__PROMPT__:
The result should be an exact copy of only the lines from the one with "Robe style chanel" through the last line of the data below, with pictures omitted.

__DATASET__:
● ● ● ●

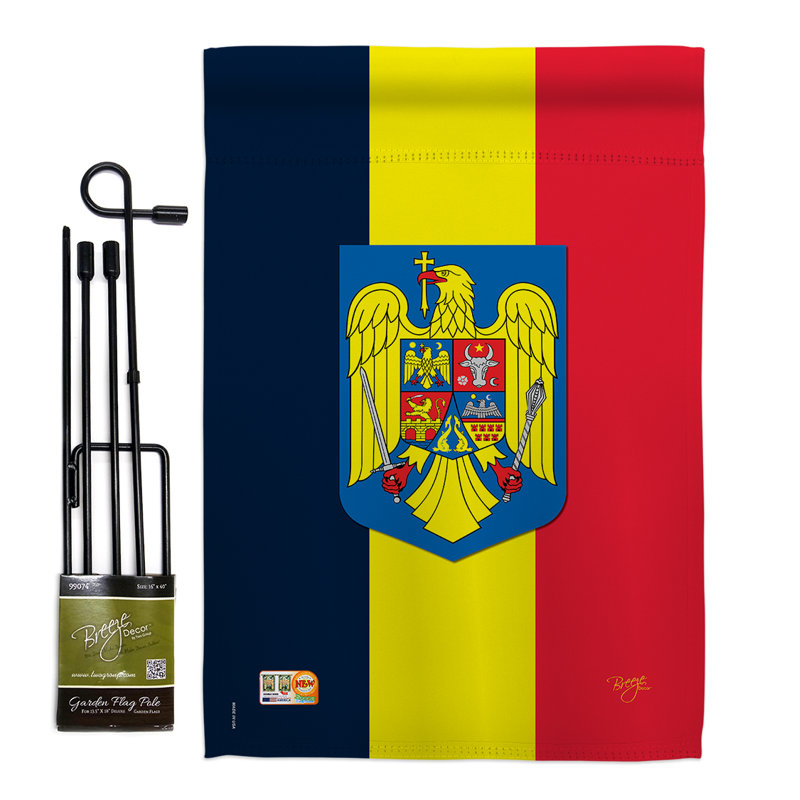Ensemble drapeau 2 côtés 1 pi 7 po x 1 pi 1 po roumanie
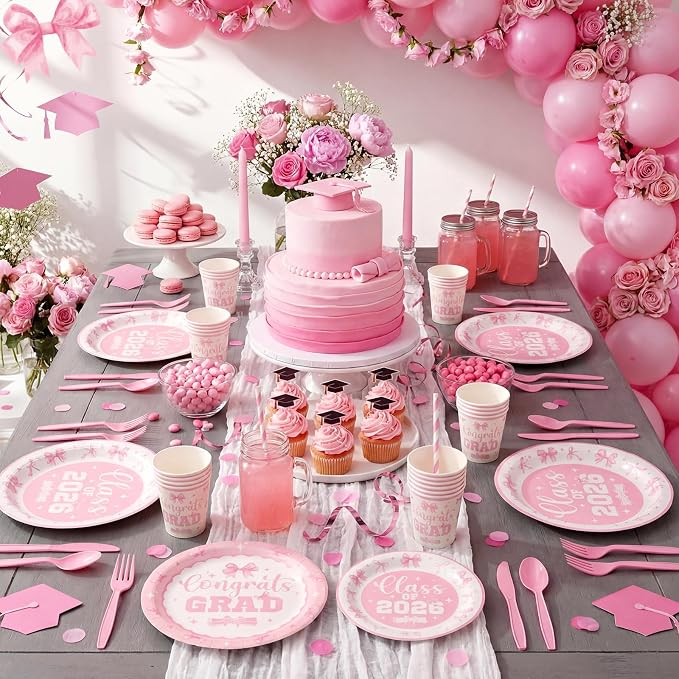 Funnymoom 400 Pcs Pink Bow Graduation Party Supplies, Coquette 2026 Congrats Grad Paper Plates and Napkins Cups Set with Spoons Forks Knives, Class of 2026 Tableware Set for Grad Party Decorations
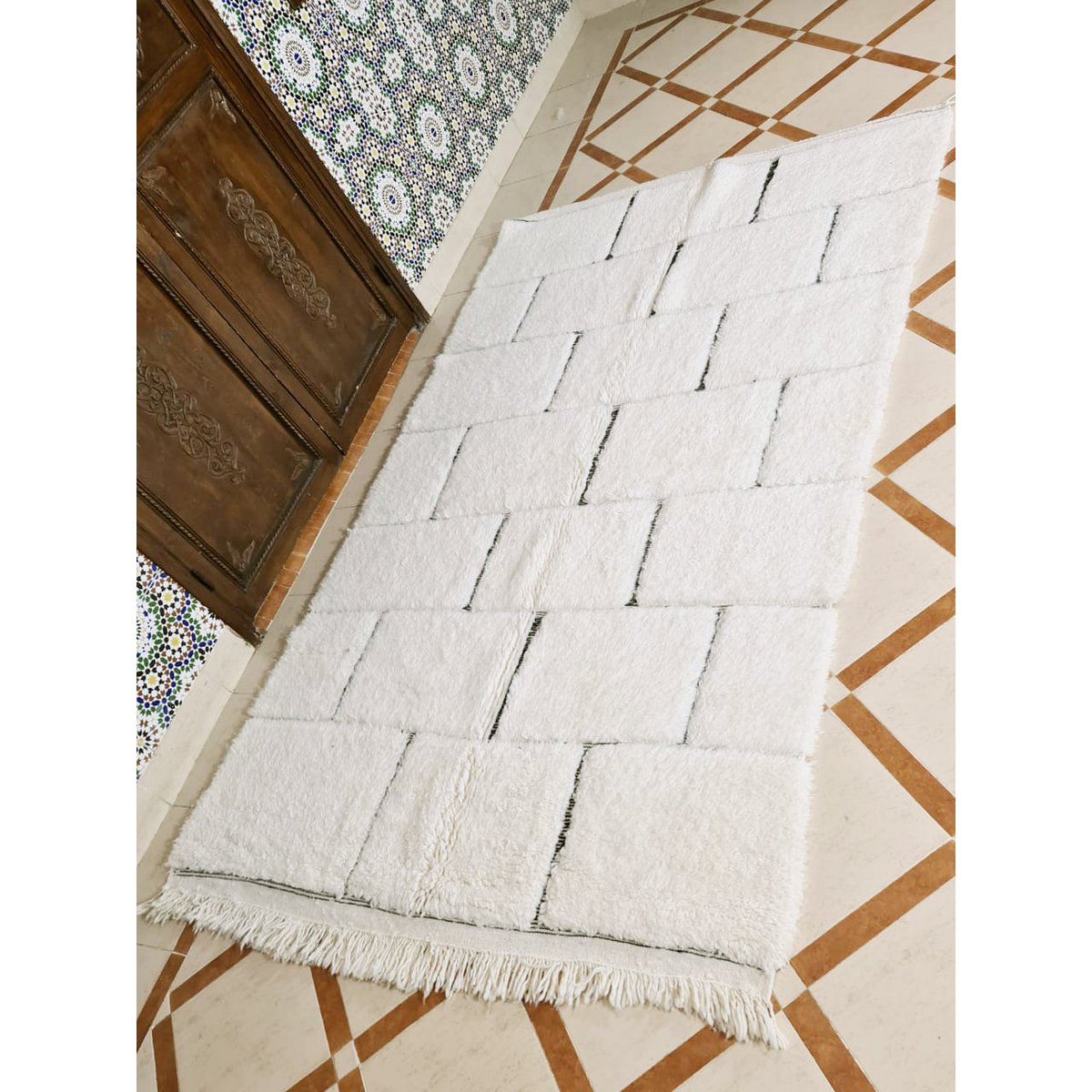 Berberteppich Beni Ouarain reine Wolle 153 x 263 cm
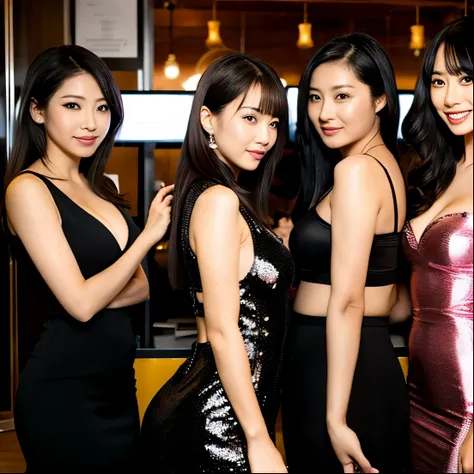 Alcohol bottles are lined up behind me.,Miss Cabaret,Four female clerks sitting, beautiful alluring female,doress,Erika Sawajiri and Haruka Ayase,Asian Women, Facing straight ahead, Japanese, Ayumi Hamasaki and Noriko Sakai, looking partly to the left, wit...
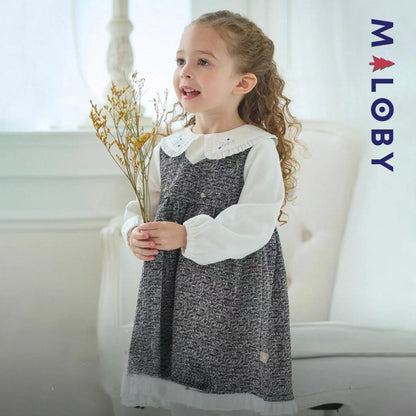 Robe style chanel enfant fille- Marine -robes et ensembles pour filles, bébés et garcons - MALOBY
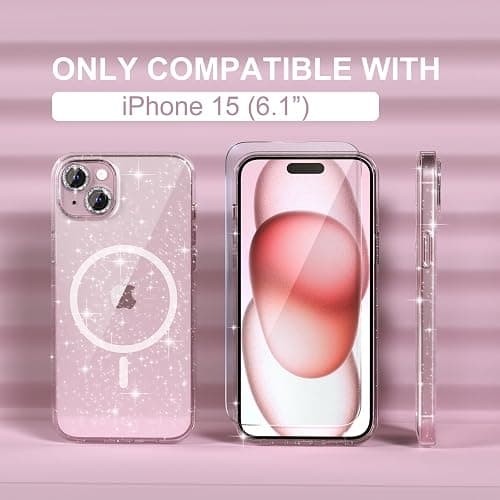 Choiche Compatible for iPhone 15 Case Magnetic, Women Clear Glitter Bling Sparkly Case, [2xDiamond Camera Lens Protectors] [2xTempered Glass Screen Protectors] [Compatible MagSafe] (Glitter Clear) thumbnail 2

● ● ● ●

__ANSWER SPACE__:
 Robe style chanel enfant fille- Marine -robes et ensembles pour filles, bébés et garcons - MALOBY
 Choiche Compatible for iPhone 15 Case Magnetic, Women Clear Glitter Bling Sparkly Case, [2xDiamond Camera Lens Protectors] [2xTempered Glass Screen Protectors] [Compatible MagSafe] (Glitter Clear) thumbnail 2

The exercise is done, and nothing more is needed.